Problem: Leaving out every picture, copy the lines of the material below exactly, from the line containing "Two people standing" through the line containing "Front exterior façade and wooden fence".

Provided records:
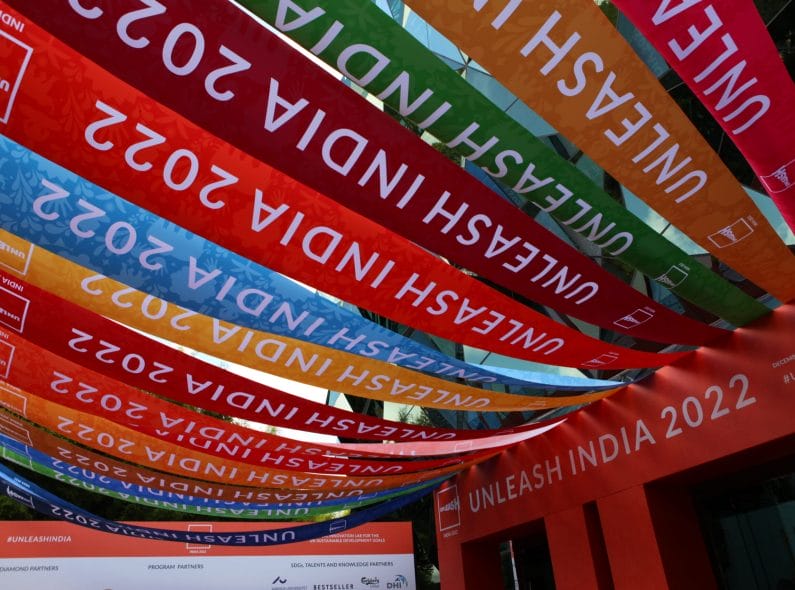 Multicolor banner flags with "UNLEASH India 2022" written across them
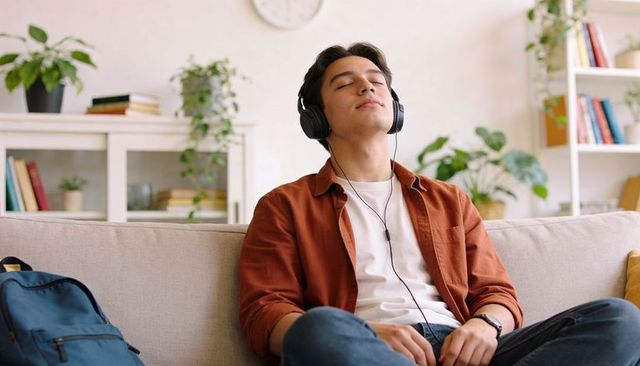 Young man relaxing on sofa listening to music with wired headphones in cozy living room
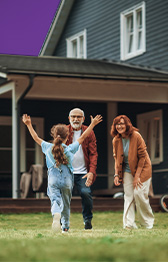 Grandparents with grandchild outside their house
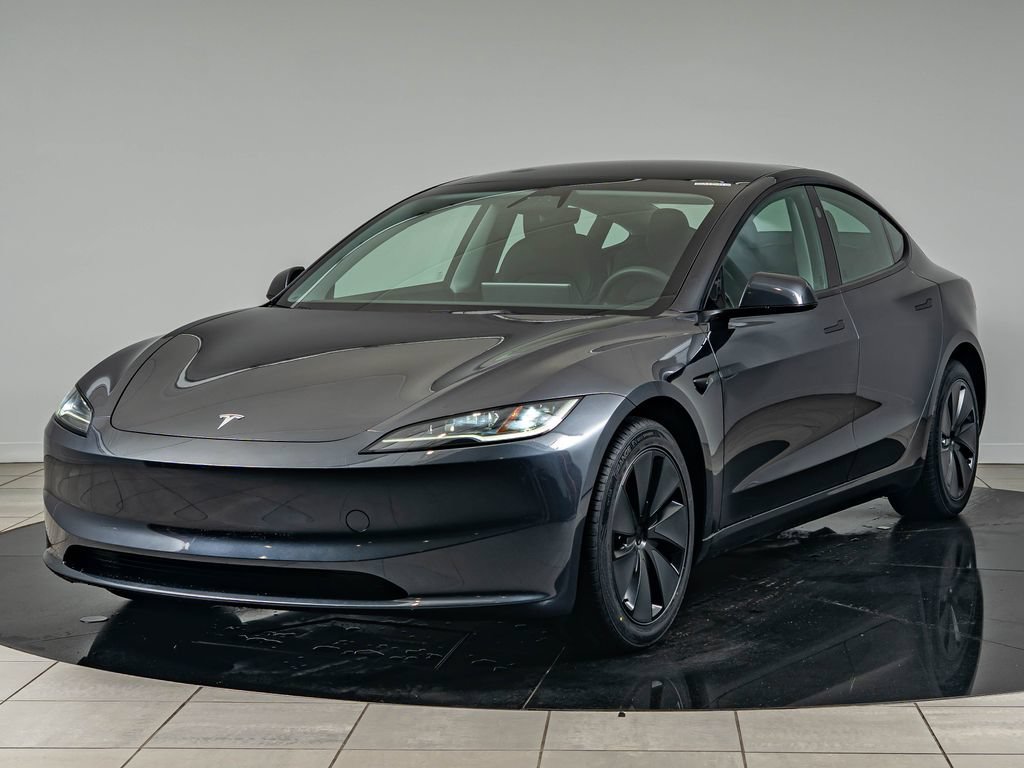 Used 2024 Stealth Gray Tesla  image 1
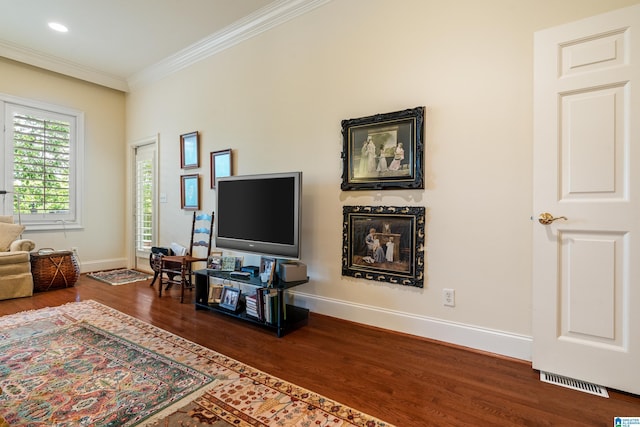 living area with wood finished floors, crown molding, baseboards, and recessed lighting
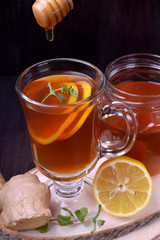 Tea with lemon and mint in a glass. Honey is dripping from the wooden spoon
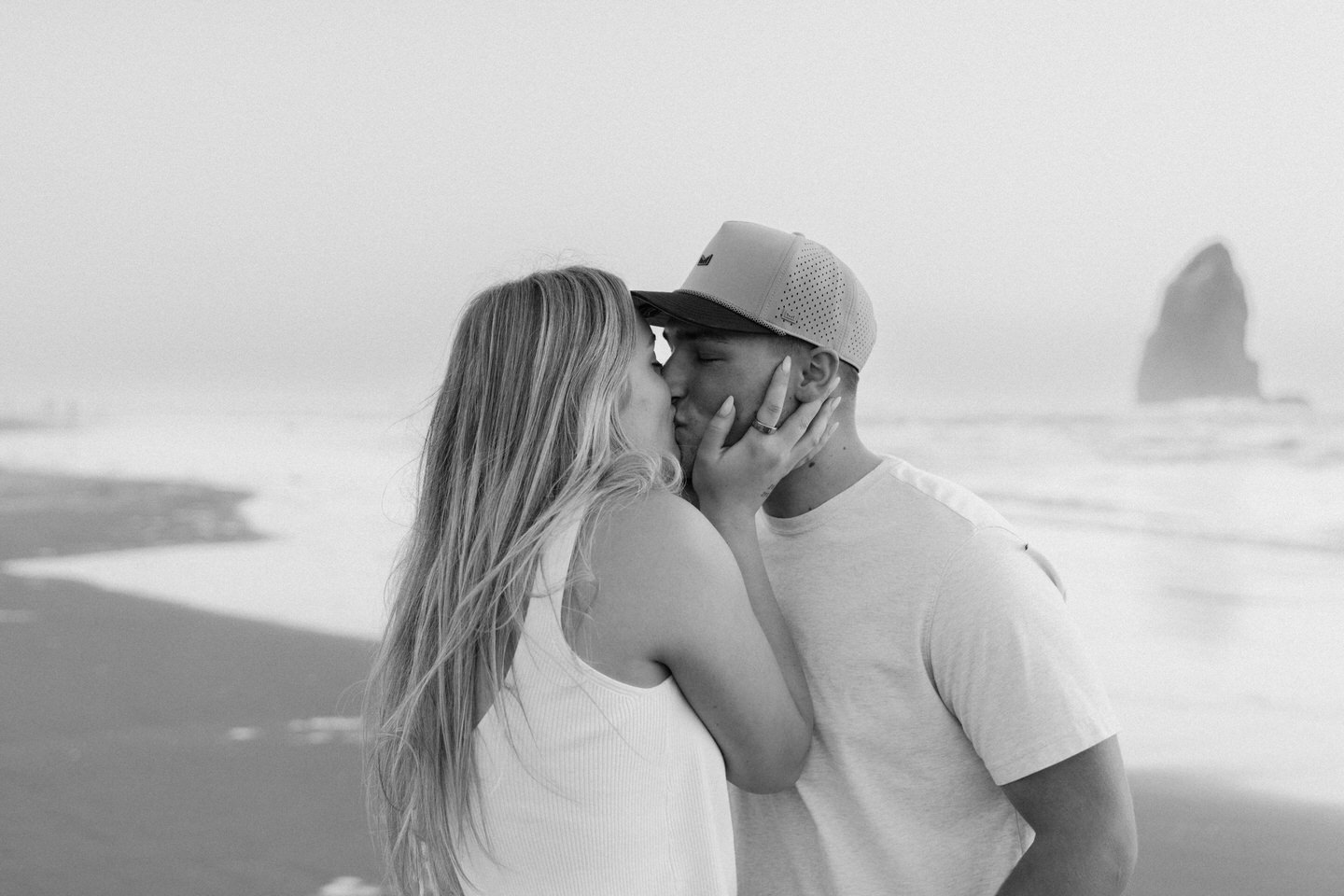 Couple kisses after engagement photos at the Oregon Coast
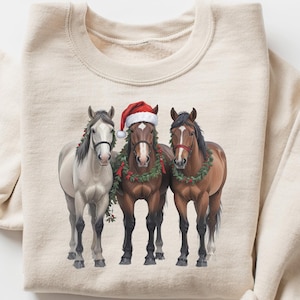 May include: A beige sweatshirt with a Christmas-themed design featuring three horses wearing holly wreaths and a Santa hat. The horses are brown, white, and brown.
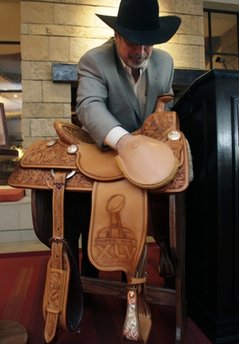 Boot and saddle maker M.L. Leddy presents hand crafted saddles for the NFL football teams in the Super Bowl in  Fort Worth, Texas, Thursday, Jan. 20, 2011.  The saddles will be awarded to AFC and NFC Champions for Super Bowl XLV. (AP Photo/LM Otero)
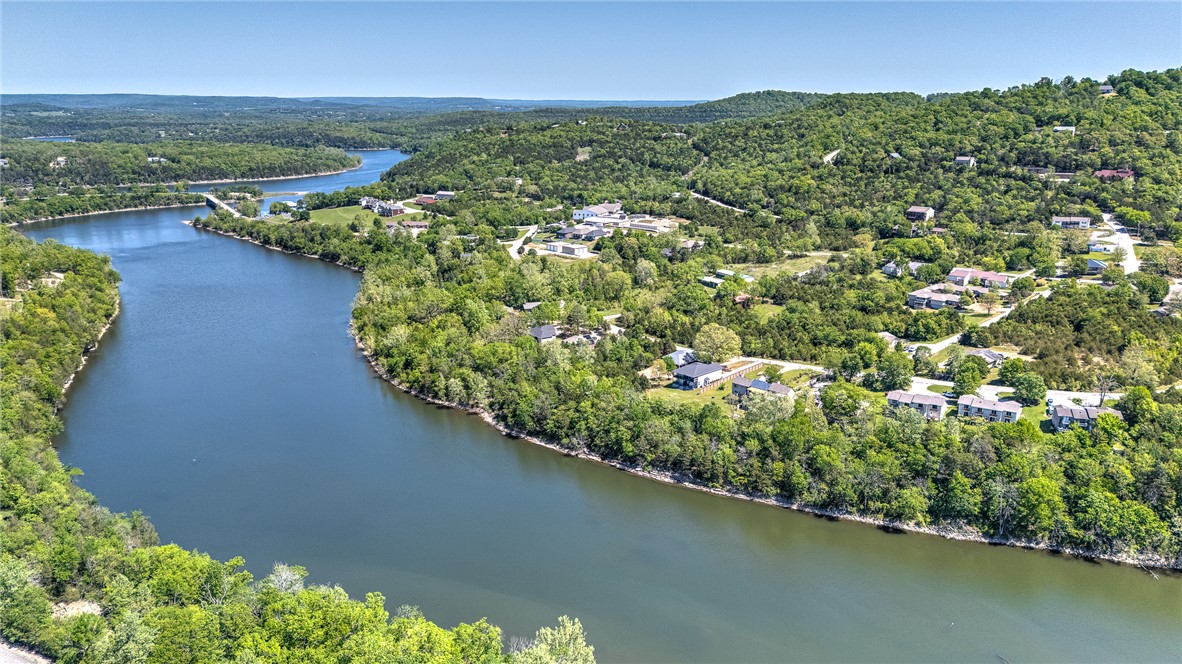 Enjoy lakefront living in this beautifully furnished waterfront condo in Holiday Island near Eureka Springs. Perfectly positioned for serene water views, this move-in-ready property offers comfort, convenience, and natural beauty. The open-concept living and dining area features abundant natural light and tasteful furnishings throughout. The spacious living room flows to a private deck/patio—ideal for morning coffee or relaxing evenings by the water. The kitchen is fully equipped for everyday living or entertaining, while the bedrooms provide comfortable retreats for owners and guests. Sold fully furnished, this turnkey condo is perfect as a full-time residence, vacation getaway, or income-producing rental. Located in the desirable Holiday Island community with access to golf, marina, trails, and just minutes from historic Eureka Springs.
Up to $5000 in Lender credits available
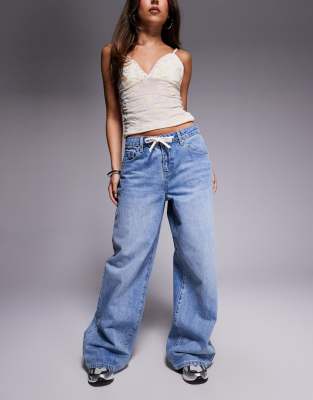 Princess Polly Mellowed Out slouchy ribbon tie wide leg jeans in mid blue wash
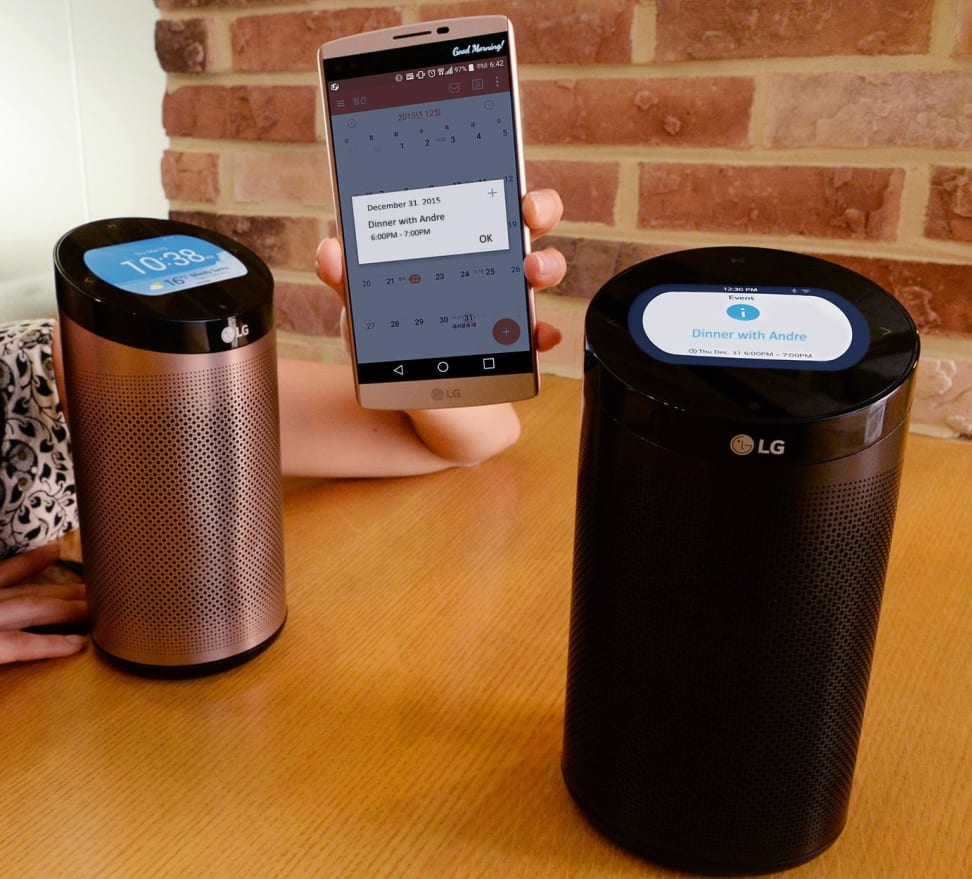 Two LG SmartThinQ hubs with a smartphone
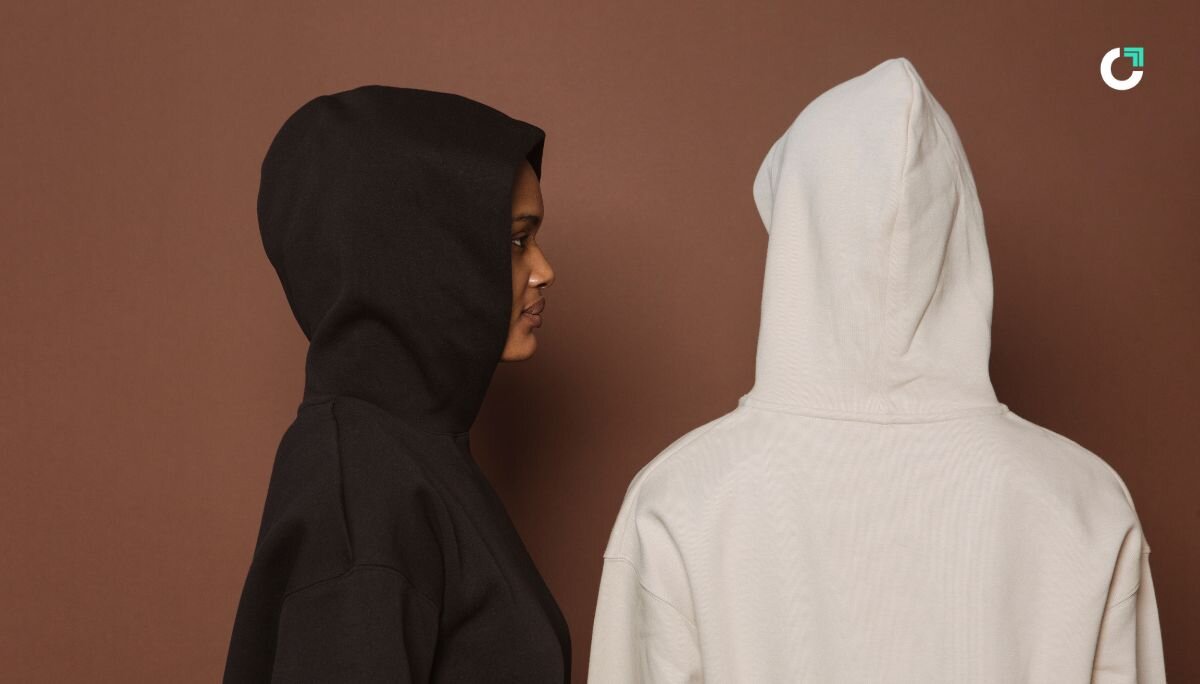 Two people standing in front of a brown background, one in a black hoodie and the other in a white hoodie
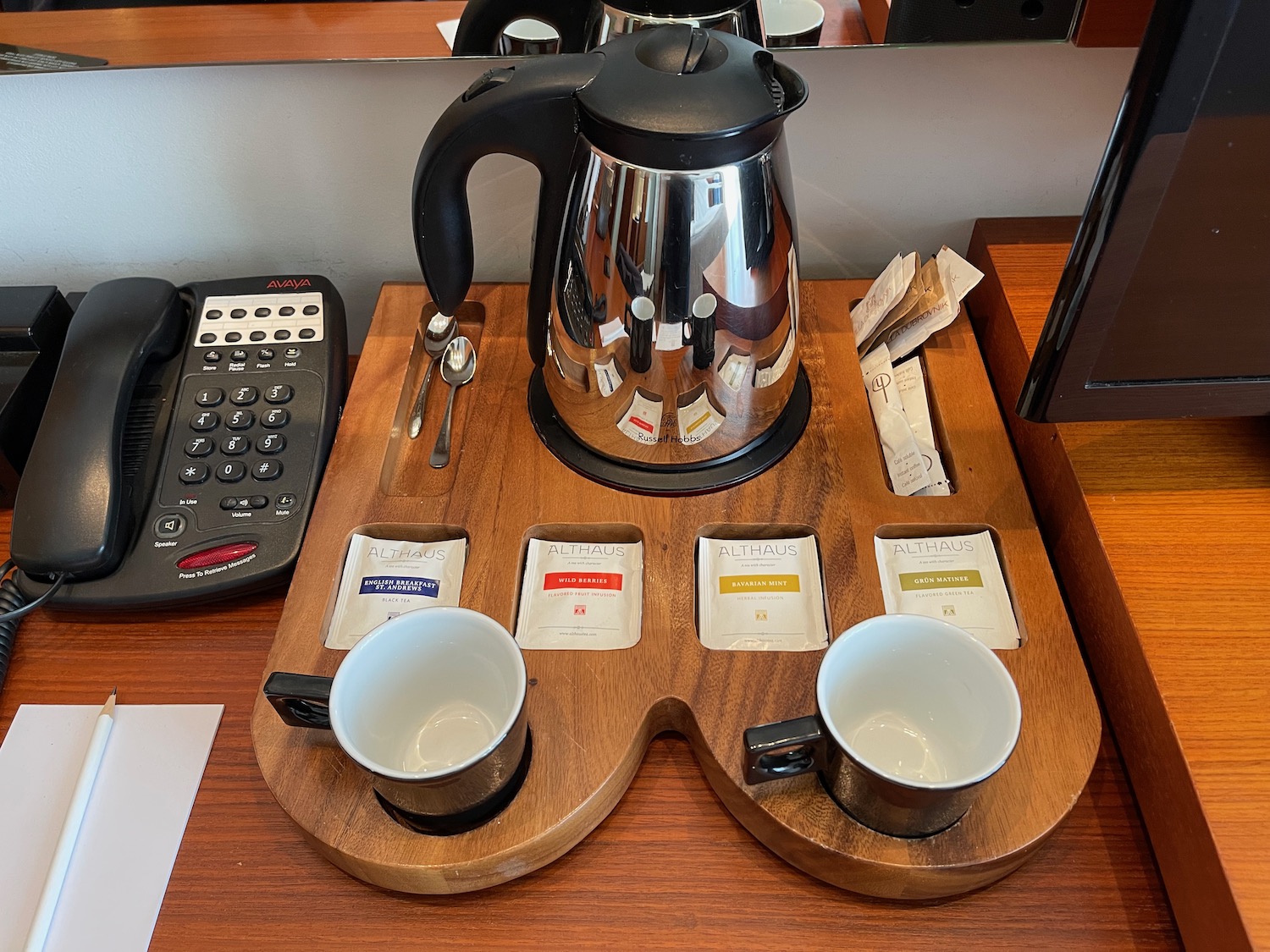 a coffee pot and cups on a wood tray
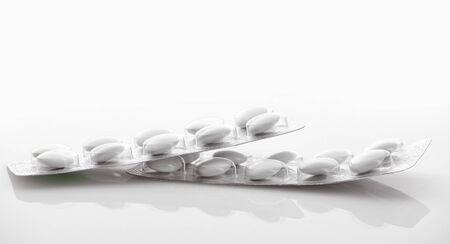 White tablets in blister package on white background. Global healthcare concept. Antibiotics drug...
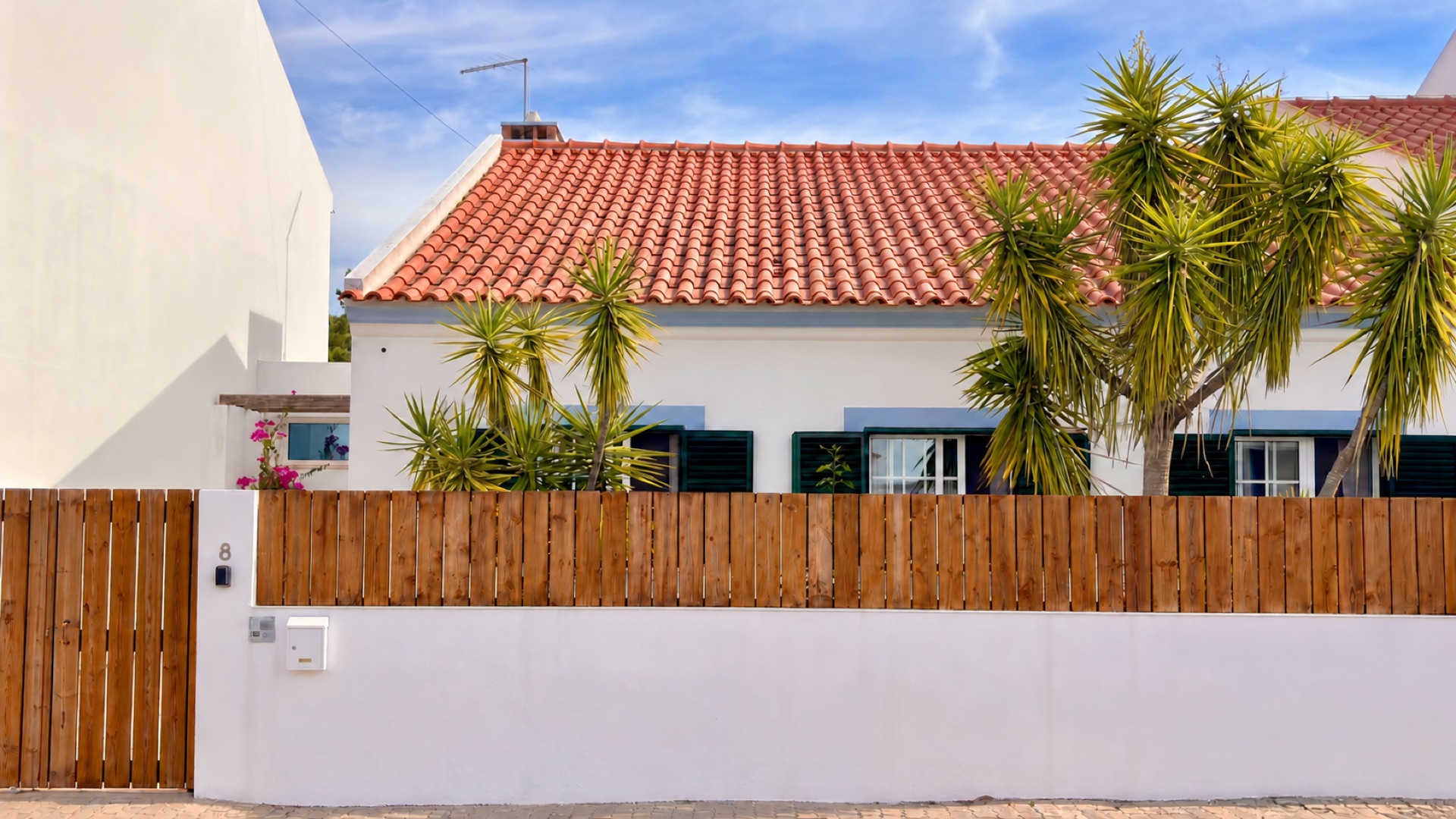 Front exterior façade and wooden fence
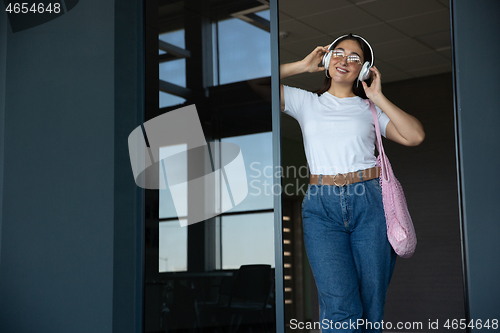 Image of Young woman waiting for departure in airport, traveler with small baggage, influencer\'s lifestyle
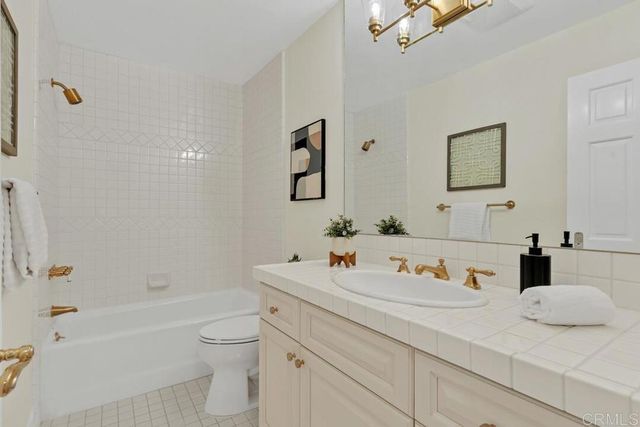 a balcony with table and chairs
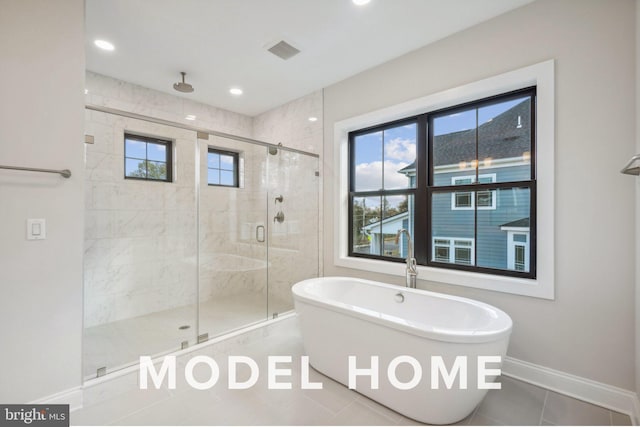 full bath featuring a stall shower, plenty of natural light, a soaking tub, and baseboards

Output below:
 Two people standing in front of a brown background, one in a black hoodie and the other in a white hoodie
 a coffee pot and cups on a wood tray
 White tablets in blister package on white background. Global healthcare concept. Antibiotics drug...
 Front exterior façade and wooden fence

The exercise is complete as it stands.